I have a big roll of gaffer tape. It's tape used in the visual arts field, but it has many other practical usages. One is to cover levers made of metal to allow you to have a barrier between fingers and heat-sucking metal. Plus, it gives you a better grip! 

It is cheap and can be purchased in wide enough rolls that you can customize your tape to fit almost any lever. Just make sure that you clean the lever first with isopropyl alcohol to get any dirt or skin oils off the surfaces you want to cover up. Gaffer tape is pretty sticky and should adhere to any anodized aluminum surface well. And the tape is cheap enough that you can replace worn bits of tape without feeling like you are throwing money into a fire. 

You can find a ton of uses for a roll of gaffer tape so the investment is well worth it. I use my roll for camera grip, labeling tool boxes, and even for marking a skills course for bike rodeos I do. It's pretty amazing stuff, but I digress....

Saddles: You can even look at your saddle and maybe make an improvement there as well. I've found that natural materials tend to be warmer than synthetic covers on saddles. So, leather, or even those Brooks saddles that are made from a cotton/rubber mix can prove to be warmer on the ol' buns. 

But by far, the leather covered saddles I have are better in terms of feeling warmer. So, give something like that a try. It doesn't have to be a Brooks either, or even that type of saddle. Just anything with a leather cover seems to be better for me.

Finally fenders  won't directly keep you warmer, but by deflecting water, snow, slush, or ice, fenders can keep those precipitates from getting on you, which would keep you warmer. Most likely, anyway, and besides, fenders do a great job of keeping that chemical soup they squirt on roads these days from destroying your drive train. (If you get full coverage fenders, that is)
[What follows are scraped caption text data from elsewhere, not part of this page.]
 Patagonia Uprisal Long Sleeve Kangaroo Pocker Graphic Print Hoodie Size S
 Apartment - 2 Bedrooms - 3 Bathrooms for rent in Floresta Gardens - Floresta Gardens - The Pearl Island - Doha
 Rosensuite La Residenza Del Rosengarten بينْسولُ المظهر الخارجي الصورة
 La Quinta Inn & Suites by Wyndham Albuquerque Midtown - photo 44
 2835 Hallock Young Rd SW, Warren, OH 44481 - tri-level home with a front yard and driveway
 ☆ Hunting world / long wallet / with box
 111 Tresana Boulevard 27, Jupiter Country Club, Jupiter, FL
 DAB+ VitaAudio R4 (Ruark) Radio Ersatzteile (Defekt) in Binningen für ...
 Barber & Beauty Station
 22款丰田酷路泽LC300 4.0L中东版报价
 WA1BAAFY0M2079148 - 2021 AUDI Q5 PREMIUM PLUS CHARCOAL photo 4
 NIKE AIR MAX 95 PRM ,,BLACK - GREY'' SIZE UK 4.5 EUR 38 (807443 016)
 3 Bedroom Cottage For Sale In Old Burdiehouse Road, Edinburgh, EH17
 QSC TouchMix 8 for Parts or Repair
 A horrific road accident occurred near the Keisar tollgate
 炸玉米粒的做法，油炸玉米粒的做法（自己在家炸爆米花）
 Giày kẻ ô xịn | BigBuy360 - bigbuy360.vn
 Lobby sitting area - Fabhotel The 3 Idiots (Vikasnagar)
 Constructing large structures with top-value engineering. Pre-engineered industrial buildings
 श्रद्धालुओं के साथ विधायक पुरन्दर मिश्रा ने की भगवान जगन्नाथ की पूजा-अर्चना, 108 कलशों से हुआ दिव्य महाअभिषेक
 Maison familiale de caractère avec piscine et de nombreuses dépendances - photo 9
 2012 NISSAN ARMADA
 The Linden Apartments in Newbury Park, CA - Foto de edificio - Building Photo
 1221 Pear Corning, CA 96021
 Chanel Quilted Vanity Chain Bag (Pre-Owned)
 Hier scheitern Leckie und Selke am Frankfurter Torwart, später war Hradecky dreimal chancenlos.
Okay, that's a wrap for now. Got any great tips to share? Hit me up in the comments!


teamdarb said...

My top tip for cold weather riding is to eat before going out and use a saddle cover if leaving the bike outside. The saddle cover is not left on the saddle at lock up. Instead carry it with you and install when remounting to prevent the initial cold shock and long warm up to the anus.

I do not use liners in my bottom layers for winter and my anus gets painfully uncomfortable. That intial get on to a cold saddle is the worse for a less than meaty built human- imagine a Yeti trying to whisper real loud to your insides from below. Actually....that may be more warming than a cold saddle top.

I use an assortment of materials from a piece of wool cloth to an old helmet rain cover.

NY Roll said...

Thicker shoe/boot insoles and wool clothing if one can afford too. I run merino wool base layers in the winter and wicking moisture away from the skin in cold climates helps immensely.

Jon BALER said...

I find flat pedals in general are warmer than clipless even if they are metal. Clipless shoes tend to be tight fitting with minimal material around the toes, so any regular or flat pedal shoe will be warmer.

Jeff said...

Gaffer tape? who knew? I put one in the cart at amazon and went back to buy it today, but they are out of black now. I think you gave Amazon a boost with your post!